Task directions -> Exclude all pictures, then write out exactly the lines below from the first one through the line with "Yvonne Marie black leather lined midi skirt".

Captioned web image data

:::

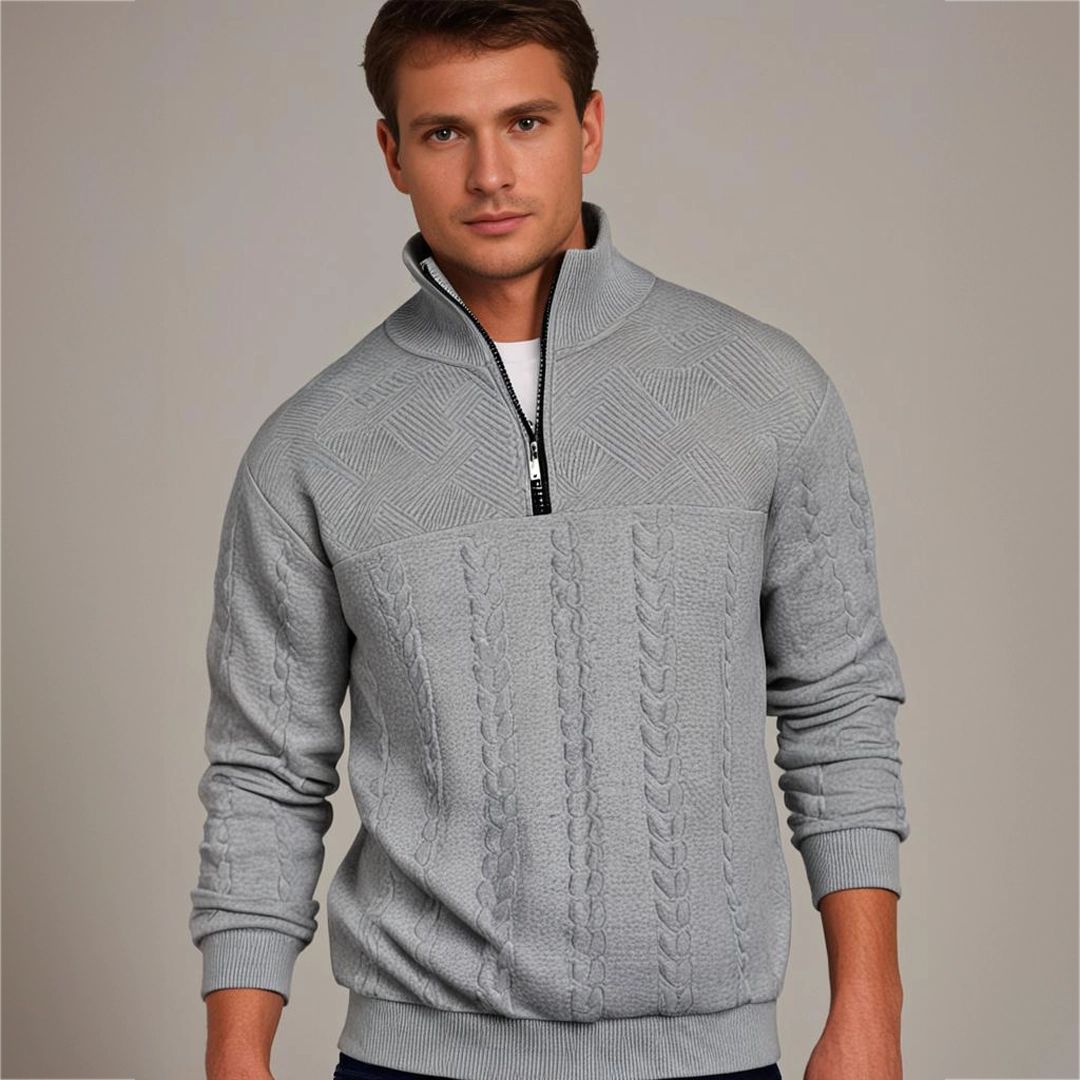 Men's Cable-Knit Half-Zip Pullover with Geometric Texture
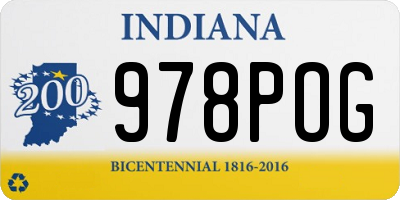 IN license plate 978POG
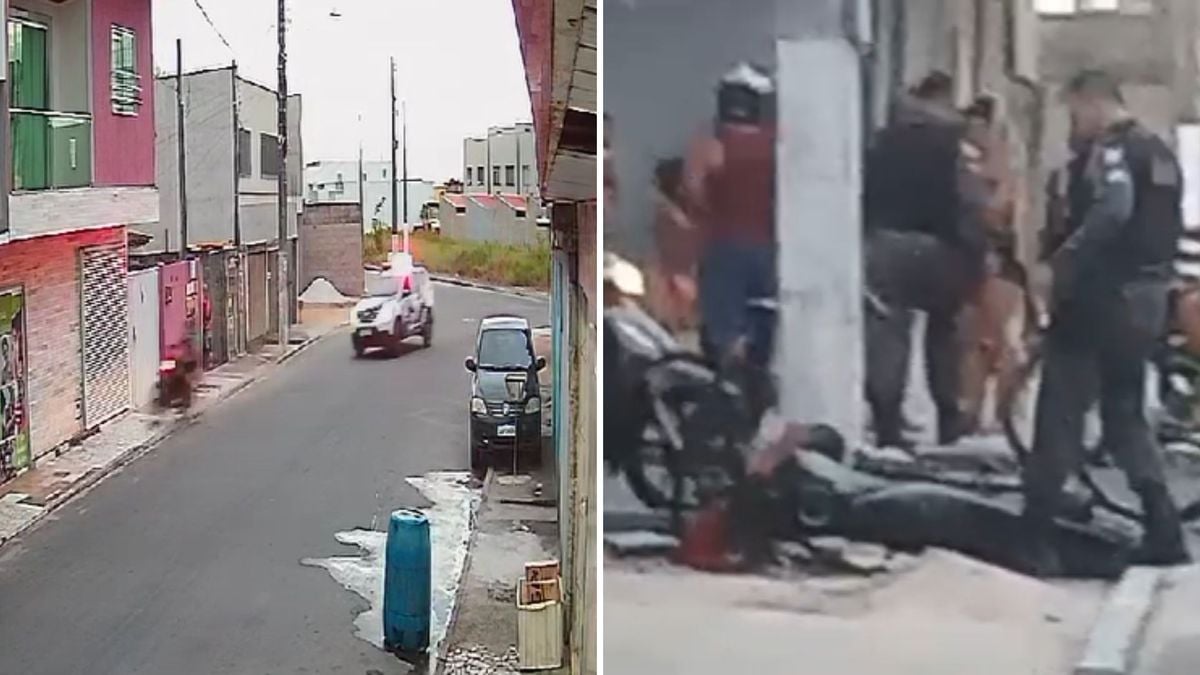 Após perseguição, o motociclista perdeu o controle e colidiu contra uma parede.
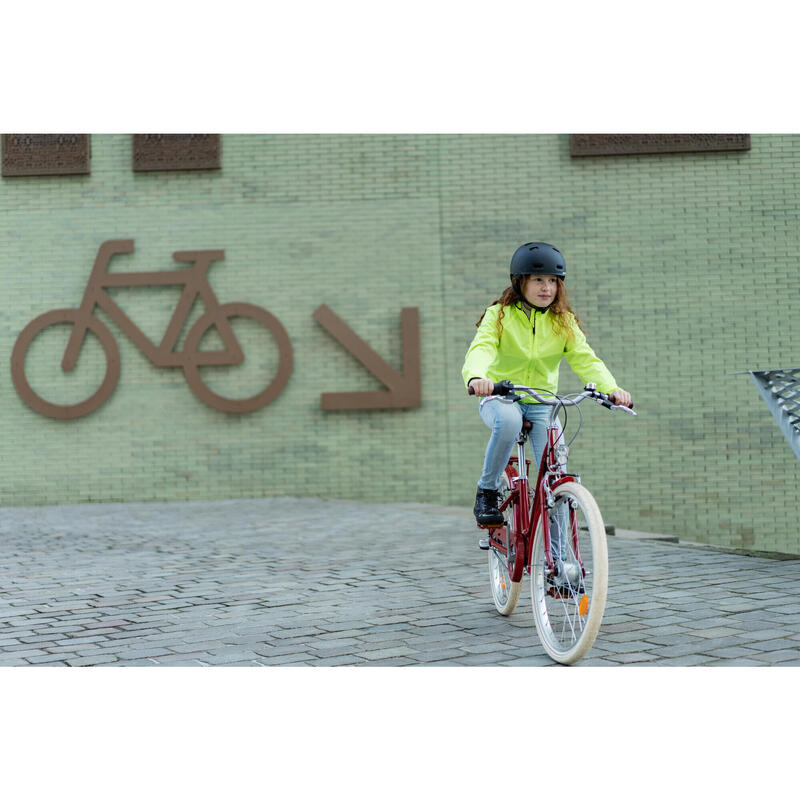 Fahrrad Regenjacke 100 Kinder neongelb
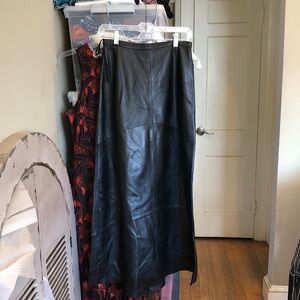 Yvonne Marie black leather lined midi skirt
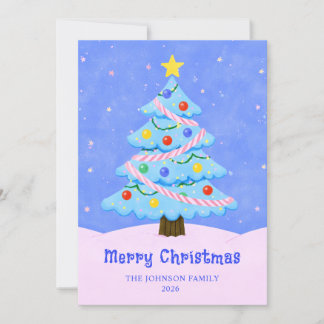 Minimalistischer blauer und rosa Weihnachtsbaum Feiertagskarte
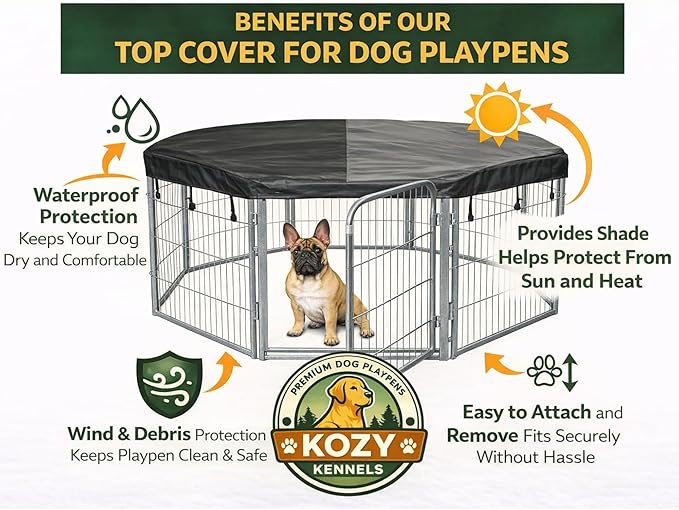 Dog Playpen w/Octagon Bottom Pad & Top Cover - 32 inch, 8 Panel Portable Grey Metal Pet Play Pen for Small & Medium Dogs - Indoor/Outdoor Kennel Cage for Home, Yard, RV, or Camping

:::

Result of this task ->
 Men's Cable-Knit Half-Zip Pullover with Geometric Texture
 IN license plate 978POG
 Após perseguição, o motociclista perdeu o controle e colidiu contra uma parede.
 Fahrrad Regenjacke 100 Kinder neongelb
 Yvonne Marie black leather lined midi skirt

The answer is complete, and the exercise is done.